U.S. general: North Korea may have nuke missile knowhow
Washington — North Korea may be capable of fielding a nuclear-armed missile that could reach U.S. soil, but because it has not tested such a weapon the odds of it being effective are “pretty darn low,” the commander of U.S. forces in South Korea said Friday.
In remarks at the Pentagon, Army Gen. Curtis Scaparrotti noted that North Korea claims to have such a missile, capable of being launched from a road-mobile vehicle and therefore difficult to monitor via satellite. Some, however, have questioned whether the North Koreans have achieved all of the key technological breakthroughs, including manufacturing a nuclear warhead small enough for a long-range missile.
Scaparrotti said it would be imprudent of him to ignore their claims.
“Personally I think that they certainly have had the expertise in the past,” Scaparrotti said. “They’ve had the right connections, and so I believe they have the capability to have miniaturized a device at this point, and they have the technology to potentially actually deliver what they say they have.”
He added, “We have not seen it tested. And I don’t think as a commander we can afford the luxury of believing perhaps they haven’t gotten there.”
Asked later whether Defense Secretary Chuck Hagel agrees with Scaparrotti’s assessment, the Pentagon press secretary, Rear Adm. John Kirby, said, “The secretary shares the general’s concerns about their attempts to acquire this capability. The secretary agrees with Gen. Scaparrotti that this is a capability that they want. And I think the secretary also shares the general’s views of the seriousness of the matter.”

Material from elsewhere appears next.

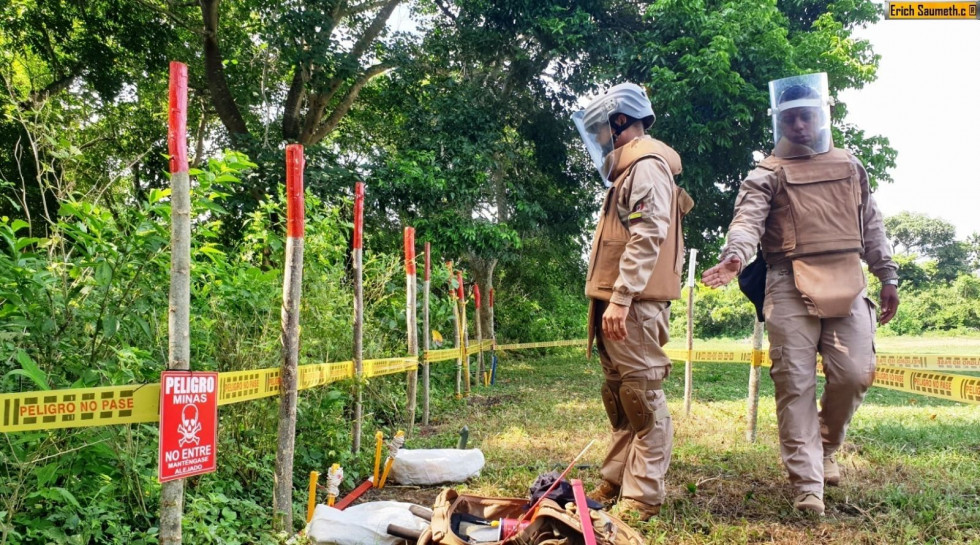 Infantes de marina colombianos en una operación de desminado. Fotos: Erich Saumeth  Infodefensa.com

Kirby added, however, that “we don’t have a smoking gun piece of evidence” to indicate that North Korea has yet achieved its goal of having a long-range nuclear missile in a final stage of development.

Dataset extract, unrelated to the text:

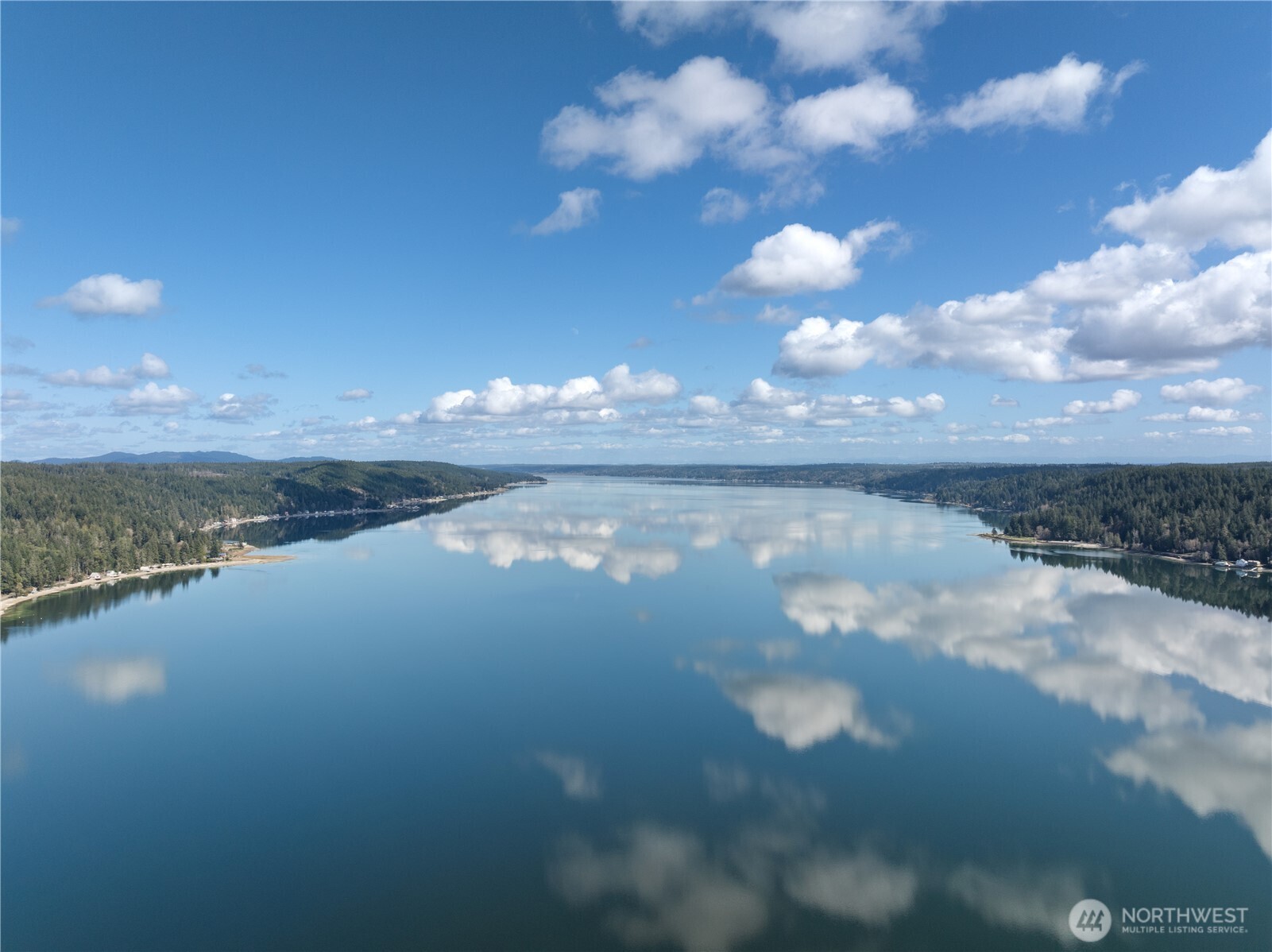 100 NE Alta Vista Drive , Belfair, WA 98528-9691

The missile in question is designated by the U.S. as the KN-08. In January, Director of National Intelligence James Clapper told a congressional hearing that North Korea had taken initial steps toward fielding the KN-08 although it remained untested.
Pressed further on the question of whether North Korea has the capability of making a nuclear warhead small enough to affix to a long-range missile, Scaparrotti said, “I don’t know that they do. What I’m saying is, is that I think given their technological capabilities, the time that they been working on this, that they probably have the capabilities to put this together.”
He stressed that the North Koreans have not yet tested the KN-08.
“For something that’s that complex, without it being tested, the probability of it being effective is pretty darn low,” he said.
Separate from its pursuit of a long-range nuclear missile, Scaparrotti condemned what he called a series of “no-notice” ballistic missile launches by North Korea this year.
“We are concerned that such events could start a cycle of action and counteraction, leading to an unintended, uncontrolled escalation,” the general said. “This underscores the need for the alliance to work together, to be vigilant and to be ready to act.”
South Korea’s concern about the North’s nuclear ambitions and its accumulation of ballistic missiles is a central reason that Washington agreed to maintain wartime control of South Korean troops in the event of an attack by North Korea for the foreseeable future. The agreement, announced Thursday, delays the transfer of wartime authority to Seoul that had been scheduled for 2015.